↓
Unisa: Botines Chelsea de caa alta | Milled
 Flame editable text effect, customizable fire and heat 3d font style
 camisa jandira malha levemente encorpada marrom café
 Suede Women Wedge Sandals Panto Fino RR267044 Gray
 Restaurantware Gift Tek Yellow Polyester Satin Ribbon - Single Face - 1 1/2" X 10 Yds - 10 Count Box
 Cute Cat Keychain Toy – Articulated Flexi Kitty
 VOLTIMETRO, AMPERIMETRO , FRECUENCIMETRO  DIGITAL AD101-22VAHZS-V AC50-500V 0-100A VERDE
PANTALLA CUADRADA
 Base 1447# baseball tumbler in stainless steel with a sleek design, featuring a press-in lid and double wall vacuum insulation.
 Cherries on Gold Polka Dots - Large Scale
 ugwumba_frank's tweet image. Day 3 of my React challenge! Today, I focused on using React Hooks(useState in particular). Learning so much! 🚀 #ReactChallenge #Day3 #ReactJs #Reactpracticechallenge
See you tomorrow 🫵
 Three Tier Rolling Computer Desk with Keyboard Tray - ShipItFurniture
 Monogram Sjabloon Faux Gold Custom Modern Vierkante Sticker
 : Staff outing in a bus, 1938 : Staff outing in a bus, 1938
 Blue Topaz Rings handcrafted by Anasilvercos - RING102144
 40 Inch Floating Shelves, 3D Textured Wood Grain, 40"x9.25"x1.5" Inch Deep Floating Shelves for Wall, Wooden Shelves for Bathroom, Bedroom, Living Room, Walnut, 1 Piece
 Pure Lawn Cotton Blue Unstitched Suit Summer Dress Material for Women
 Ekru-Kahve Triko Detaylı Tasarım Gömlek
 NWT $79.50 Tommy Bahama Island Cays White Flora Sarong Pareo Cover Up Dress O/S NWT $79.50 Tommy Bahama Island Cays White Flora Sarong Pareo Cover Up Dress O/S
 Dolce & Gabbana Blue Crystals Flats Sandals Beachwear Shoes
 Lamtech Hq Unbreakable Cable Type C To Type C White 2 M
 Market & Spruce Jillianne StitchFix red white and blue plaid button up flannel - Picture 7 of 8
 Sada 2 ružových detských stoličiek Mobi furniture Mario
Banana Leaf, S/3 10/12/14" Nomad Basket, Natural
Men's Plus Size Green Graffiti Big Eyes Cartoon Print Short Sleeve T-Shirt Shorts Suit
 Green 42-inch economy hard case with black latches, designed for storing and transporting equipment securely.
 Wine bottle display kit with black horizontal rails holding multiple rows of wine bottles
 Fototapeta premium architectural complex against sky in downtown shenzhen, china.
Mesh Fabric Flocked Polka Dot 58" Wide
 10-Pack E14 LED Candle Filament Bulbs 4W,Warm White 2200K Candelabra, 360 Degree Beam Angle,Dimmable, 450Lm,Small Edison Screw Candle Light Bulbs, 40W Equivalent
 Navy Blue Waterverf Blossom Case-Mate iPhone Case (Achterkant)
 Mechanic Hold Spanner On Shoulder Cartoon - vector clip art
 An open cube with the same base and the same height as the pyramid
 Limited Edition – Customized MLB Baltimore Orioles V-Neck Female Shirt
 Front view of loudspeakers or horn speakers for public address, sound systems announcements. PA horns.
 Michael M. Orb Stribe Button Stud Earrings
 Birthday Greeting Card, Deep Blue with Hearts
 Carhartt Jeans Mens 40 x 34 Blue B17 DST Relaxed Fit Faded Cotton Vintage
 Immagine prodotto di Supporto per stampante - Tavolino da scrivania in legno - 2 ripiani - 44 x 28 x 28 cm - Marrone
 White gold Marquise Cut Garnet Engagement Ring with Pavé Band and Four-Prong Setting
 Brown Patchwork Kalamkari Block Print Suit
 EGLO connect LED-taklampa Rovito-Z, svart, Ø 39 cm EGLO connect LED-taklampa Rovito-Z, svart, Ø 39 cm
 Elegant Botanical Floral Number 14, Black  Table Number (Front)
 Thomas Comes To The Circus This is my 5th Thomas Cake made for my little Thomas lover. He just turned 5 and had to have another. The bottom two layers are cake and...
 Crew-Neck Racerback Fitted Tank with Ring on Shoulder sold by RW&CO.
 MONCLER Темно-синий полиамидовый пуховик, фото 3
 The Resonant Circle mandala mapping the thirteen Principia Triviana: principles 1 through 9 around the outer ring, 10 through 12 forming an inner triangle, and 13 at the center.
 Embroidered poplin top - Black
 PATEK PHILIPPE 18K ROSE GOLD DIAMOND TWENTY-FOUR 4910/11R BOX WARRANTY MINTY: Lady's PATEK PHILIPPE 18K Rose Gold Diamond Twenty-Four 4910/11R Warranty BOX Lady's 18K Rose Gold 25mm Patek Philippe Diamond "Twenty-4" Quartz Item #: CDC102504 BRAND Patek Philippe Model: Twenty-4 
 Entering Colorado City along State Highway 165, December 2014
↑
(Task to complete) Scan the material above. Extract every line in which the word "Green" occurs.

(Completed task)
Men's Plus Size Green Graffiti Big Eyes Cartoon Print Short Sleeve T-Shirt Shorts Suit
 Green 42-inch economy hard case with black latches, designed for storing and transporting equipment securely.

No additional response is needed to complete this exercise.